There’s no such thing as a bad victory. A win is a win and a 1-point victory counts just the same in the standings as a blowout.
I sat through three and a half quarters largely unsatisfied by the Bears’ overall performance, even though victory never seemed to be in doubt, even early in the game when the teams traded three-and-outs. Dessert — if you pardon the metaphor — didn’t come until late in the fourth quarter when an inspired Bears defense attacked the Browns near Cleveland’s end zone, the result of which nearly led to two safeties and ultimately led to a pick-six.
Ironically, preceding that series, the Bears failed to punch the ball in the end zone on four straight downs near the goal line.
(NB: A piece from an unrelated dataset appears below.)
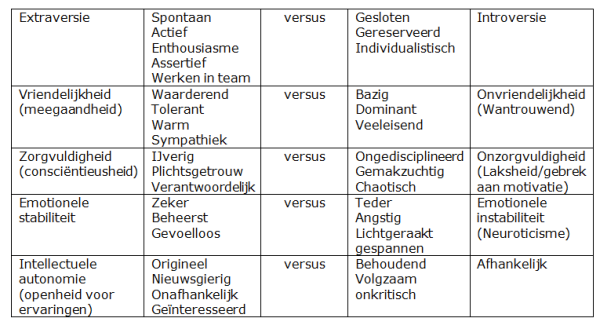 Big Five Persoonlijkheidstest – Management Platform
Instead of attempting a field goal, they wanted to gain some confidence for their offense and went for it on fourth down. It didn’t succeed, but it set up a good series for the defense. During that series, the Browns ran the ball on first and second down and nearly were stopped in the end zone for a safety each time. On third down, they attempted to pass out of the end zone, but pressure by the ends forced Browns quarterback Derek Anderson to throw the ball earlier than he wanted, and his pass was intercepted by Charles Tillman and taken in for a touchdown.
That series was probably the most inspired I’ve seen the defense play in quite a few weeks, and that’s the kind of effort and passion we’ll need to see from them in the coming weeks to help make up for a shaky pass defense. Because the Browns are such a bad team, I was never worried about Anderson picking apart the Bears’ secondary. If they were going to have any success, it would mostly come from dink-and-dunk play calling.
In all, there wasn’t much to fret about on the defensive side of the ball. They played well all game and generated 5 turnovers — two interceptions and three fumbles. And the only points that the Browns scored came off a shanked punt by Brad Maynard that gave them great field position.
That leads me to the special teams. Aside from that one punt, the special teams did a great job at keeping the NFL’s best punt returner, and one of the best kick returners, Josh Cribbs, in check all game. Devin Hester had a couple good punt returns, including one that he took to the house that was called back due to a questionable holding penalty by Rashied Davis.
Unfortunately, the offense didn’t join the fun in today’s game. Two out of three phases isn’t too bad, even though we’d all like to see all three phases clicking at the same time. Despite picking up 90 yards and 2 touchdowns on the ground, Matt Forte and the Bears’ run game struggled against one of the league’s worst run defenses. Forte finished with an average of just 3.5 yards per carry. Because of their troubles moving the ball on the ground, and, to give Browns defensive coordinator Rob Ryan credit, Cleveland’s confusing defensive schemes and blitzes, the Bears’ offense looked out of sync all game. Jay Cutler finished with 225 yards, no touchdowns and one interception on 17 of 30 passing, but was harassed all game to the tune of four sacks and constant contact after his throws. Following last week’s career game at receiver, Hester had another good one this week with 7 catches for 81 yards.
It’s okay to be greedy and want more — I know I do. But I’m not going to complain over a win, even if it was expected all week, and despite Cleveland being one of the worst teams in the league. The victory moved them to 4-3 and they’ll gain ground in the standings on either the Packers or Vikings — who play each other today. We’ll have a few days to enjoy a victory, but the upcoming contest against the Cardinals has me worried. Arizona has the No. 7 passing offense in the league, and without defensive pressure on Kurt Warner, it could be an ugly game.